- 1 lb medium shrimp, peeled and deveined (31-35 per pound)
- 1 teaspoon crushed red pepper flakes
- 6 tablespoons extra virgin olive oil
- 1 1⁄2 tablespoons salt
- 1⁄4 cup cognac or 1⁄4 cup brandy
- 1⁄4 cup minced garlic
- 1⁄2 teaspoon sugar
- 1 (28 ounce) can diced tomatoes, drained
- 1 cup dry white wine
- 1 lb linguine
- 1⁄4 cup fresh minced parsley
Directions See How It's Made
- Heat a 12 inch skillet over high heat for 4 minutes.
- Toss shrimp with 1/2 of the red pepper flakes, 2T oil, 3/4 t salt.
- Add shrimp to hot skillet quickly arrange in single layer sear until bottom of shrimp forms small spots of crust about 30 seconds.

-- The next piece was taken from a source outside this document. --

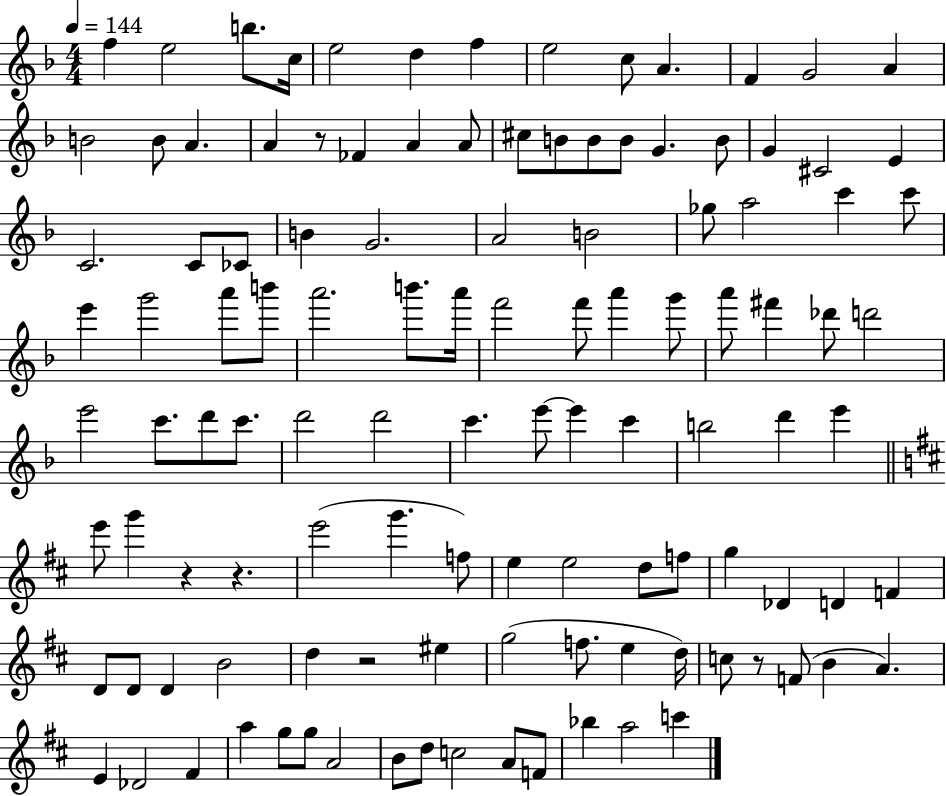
F5/q E5/h B5/e. C5/s E5/h D5/q F5/q E5/h C5/e A4/q. F4/q G4/h A4/q B4/h B4/e A4/q. A4/q R/e FES4/q A4/q A4/e C#5/e B4/e B4/e B4/e G4/q. B4/e G4/q C#4/h E4/q C4/h. C4/e CES4/e B4/q G4/h. A4/h B4/h Gb5/e A5/h C6/q C6/e E6/q G6/h A6/e B6/e A6/h. B6/e. A6/s F6/h F6/e A6/q G6/e A6/e F#6/q Db6/e D6/h E6/h C6/e. D6/e C6/e. D6/h D6/h C6/q. E6/e E6/q C6/q B5/h D6/q E6/q E6/e G6/q R/q R/q. E6/h G6/q. F5/e E5/q E5/h D5/e F5/e G5/q Db4/q D4/q F4/q D4/e D4/e D4/q B4/h D5/q R/h EIS5/q G5/h F5/e. E5/q D5/s C5/e R/e F4/e B4/q A4/q. E4/q Db4/h F#4/q A5/q G5/e G5/e A4/h B4/e D5/e C5/h A4/e F4/e Bb5/q A5/h C6/q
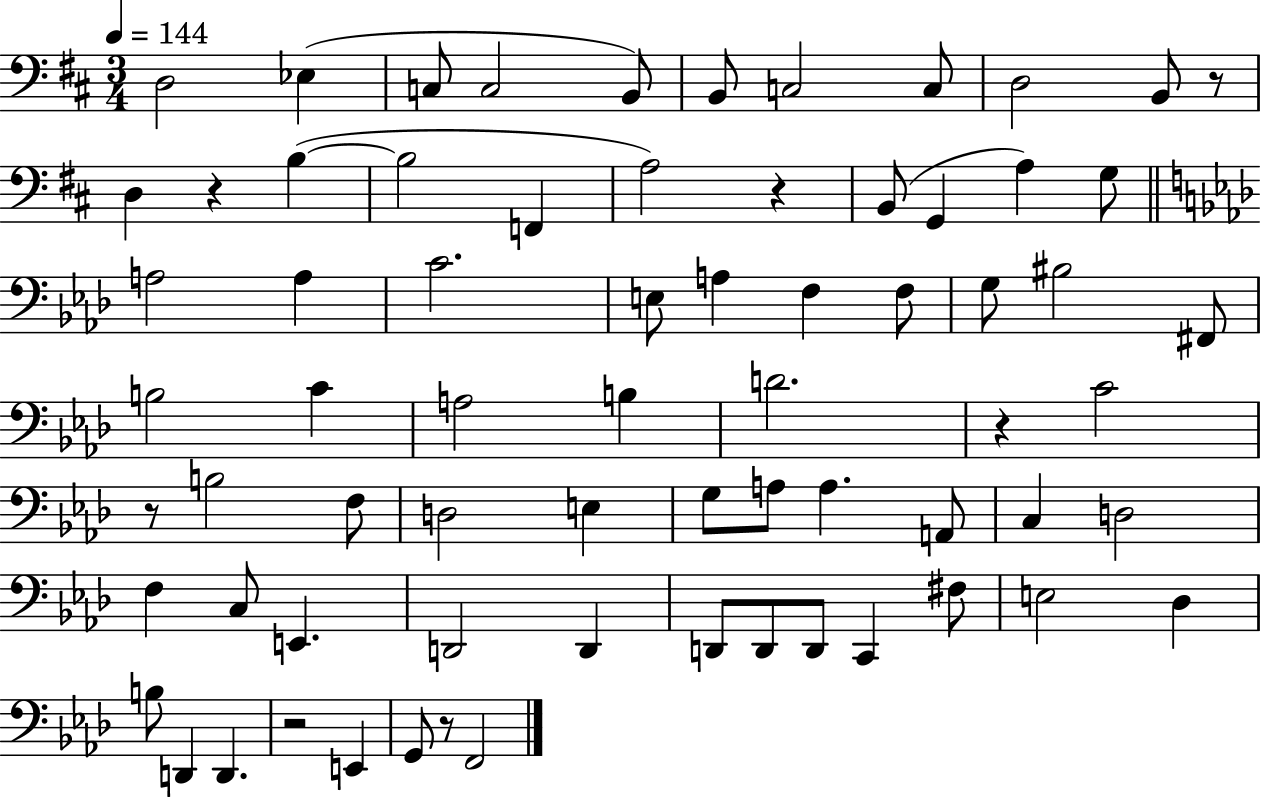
D3/h Eb3/q C3/e C3/h B2/e B2/e C3/h C3/e D3/h B2/e R/e D3/q R/q B3/q B3/h F2/q A3/h R/q B2/e G2/q A3/q G3/e A3/h A3/q C4/h. E3/e A3/q F3/q F3/e G3/e BIS3/h F#2/e B3/h C4/q A3/h B3/q D4/h. R/q C4/h R/e B3/h F3/e D3/h E3/q G3/e A3/e A3/q. A2/e C3/q D3/h F3/q C3/e E2/q. D2/h D2/q D2/e D2/e D2/e C2/q F#3/e E3/h Db3/q B3/e D2/q D2/q. R/h E2/q G2/e R/e F2/h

- Remove from heat and turn shrimp over and add cognac pause until cognac has warmed up slightly about 5 seconds,return to high heat ignite cognac shaking pan when flames are out about 15-30 seconds later pour shrimp into bowl set aside.
- Allow skillet to cool return to burner over low heat add 3T oil, 3T garlic; sauté until sticky about 7-10 minutes.
- Add the rest of the red pepper flakes, 3/4t salt, sugar, tomatoes, and wine; heat on medium high and then simmer until thickened, about 8 minutes.
- Stir in shrimp with accumulated juices, remaining 1T garlic and parsley; simmer until shrimp is heated through, about 1 minute.
- Take off heat stir in 1T olive oil.
- Cook pasta in salted water save 1/3 cup pasta water; drain.
- In a pot add pasta 1/2 cup sauce (no shrimp) add 2-3T pasta water toss.
- Put some pasta on plates top with sauce and shrimp.